Friday, March 9, 2018 at 3:30pm
Bayesian optimization methods are designed to optimize objective functions that take a long time or are expensive to evaluate. Such objective functions arise in aerospace engineering, hyperparameter tuning of deep neural networks, materials science, and A/B-testing-based design of mobile apps and online marketplaces. These methods use Gaussian process regression from machine learning to build a surrogate for the objective and value of information analysis from Bayesian decision theory to select points at which to evaluate. The now well-established expected improvement method performs well under the standard problem structure assumed in Bayesian optimization: that we evaluate a noise-free objective one point at a time, subject to a constraint on the number of evaluations. This method, however, does not generalize easily to many more exotic problems not fitting this form. After introducing the area, we discuss new methods for problems with exotic problem structure: optimization of integrals and sums of expensive-to-evaluate integrands; optimization with multiple fidelities and information sources; optimization with derivatives; and greybox optimization.

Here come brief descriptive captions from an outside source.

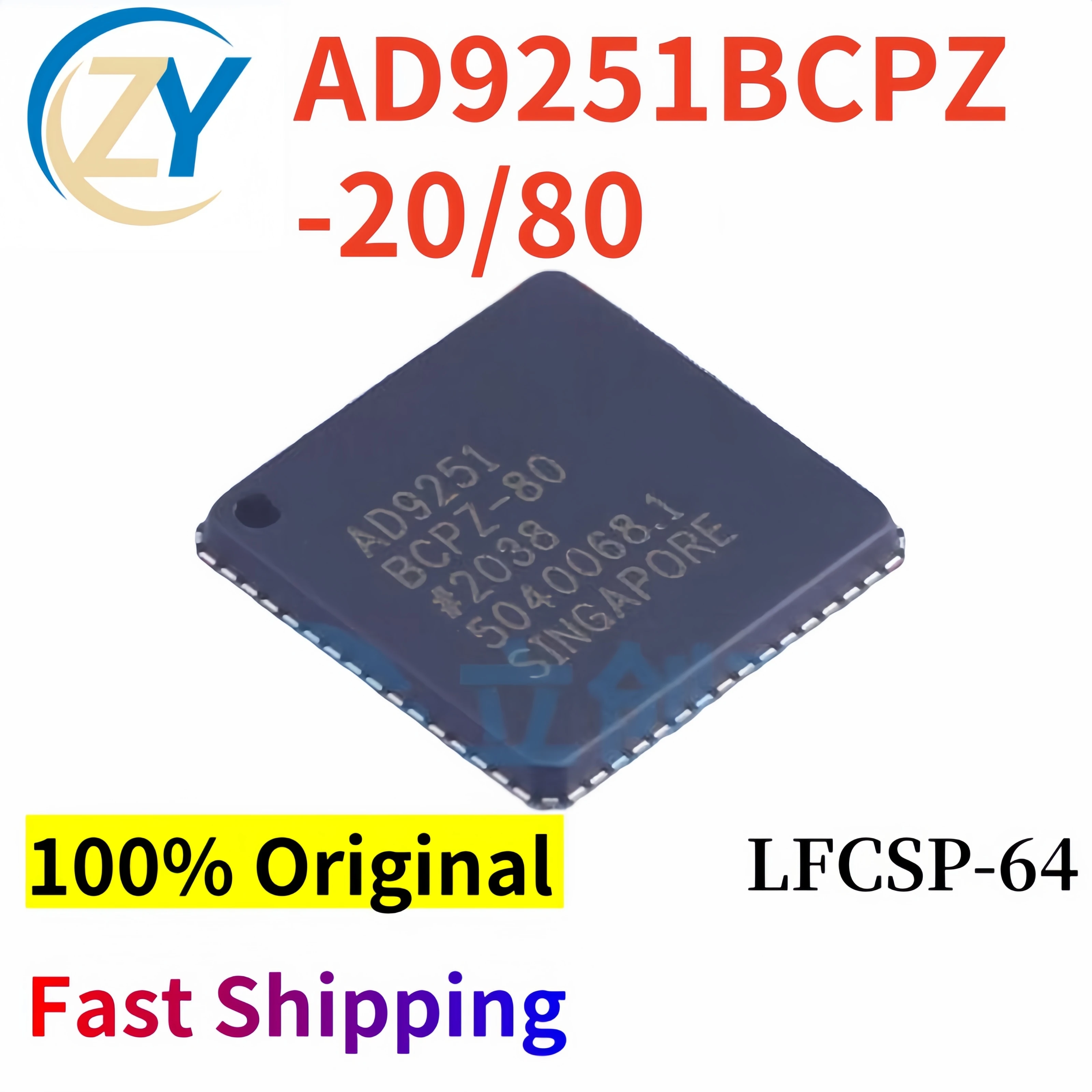 

AD9251BCPZ Data Converter AD9251 LFCSP-64 AD9251BCPZ-80 1.7V to 3.6V 100% Original & In Stock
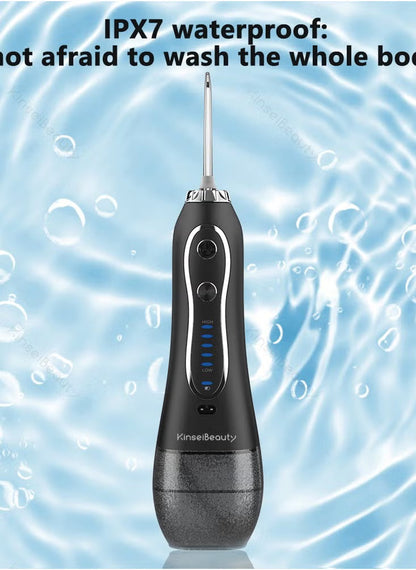 Advanced Cordless Water Flosser: 5 Modes, 360° Nozzle for Superior Oral Care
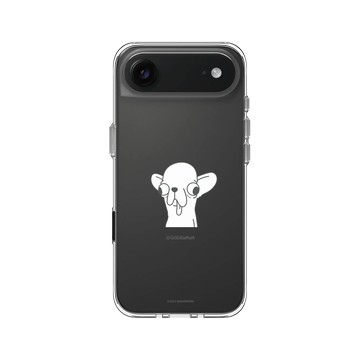 iPhone Air Clear Case（相機按鈕） 透明 - Godgwawa 變種吉娃娃 - 吉本款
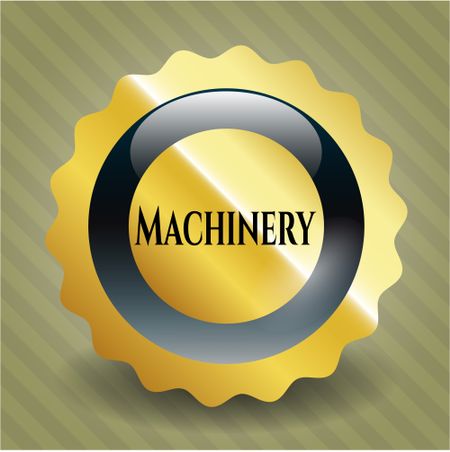 Machinery gold shiny emblem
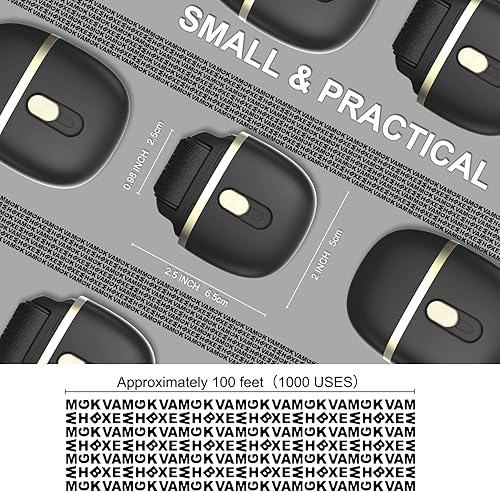 Miniatura 3 de Lomil Sellos de rodillo de protección de identidad, paquete de 2 – Sello de rodillo confidencial con 4 recambios – Sello ancho de protección contra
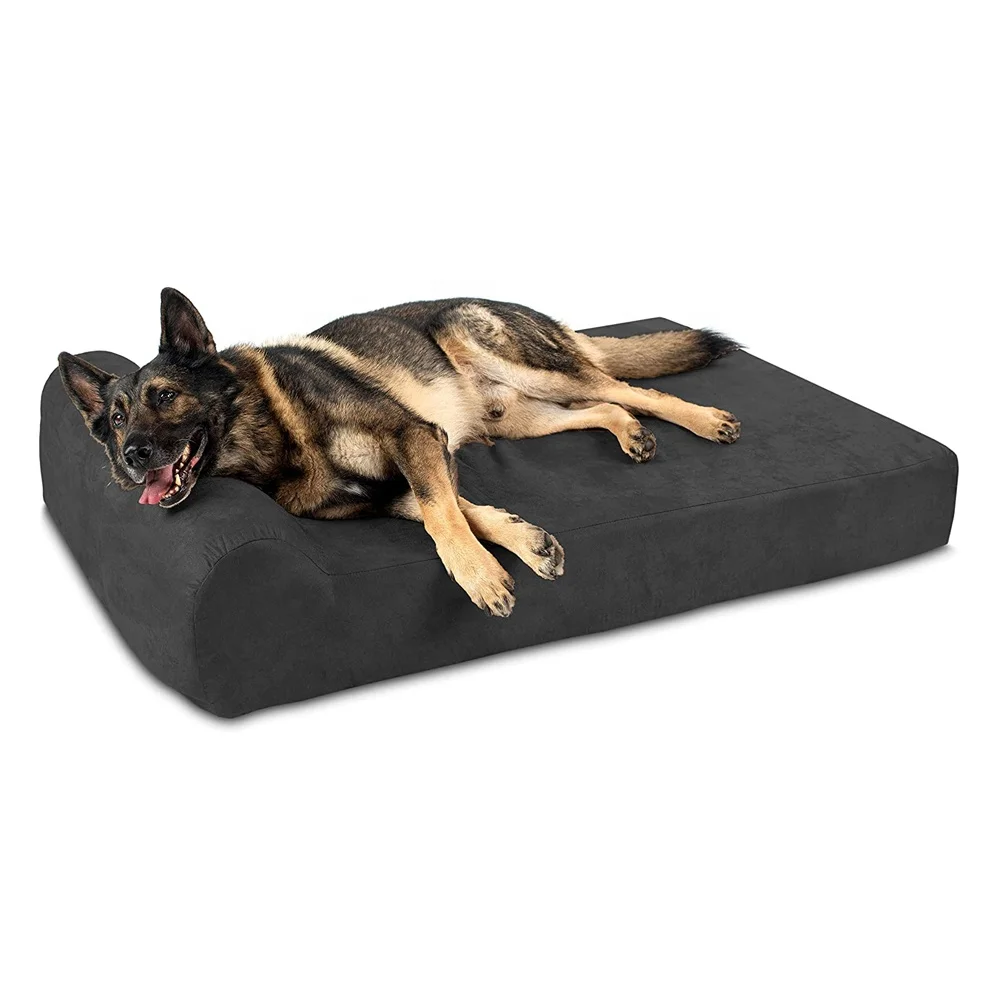 Luxury pet bed rest pillow dog pat memory foam pet bed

Peter Frazier is an Associate Professor at Cornell ORIE. He works at the intersection of operations research and machine learning, on Bayesian optimization, multi-armed bandits, Bayesian sequential experimental design, and optimization via simulation. He is also a Staff Data Scientist at Uber, where he works on pricing and marketplace design. He received a Ph.D. in Operations Research and Financial Engineering from Princeton University in 2009. He is the recipient of an AFOSR Young Investigator Award and an NSF CAREER Award, and is an associate editor for Operations Research, ACM TOMACS, and IISE Transactions.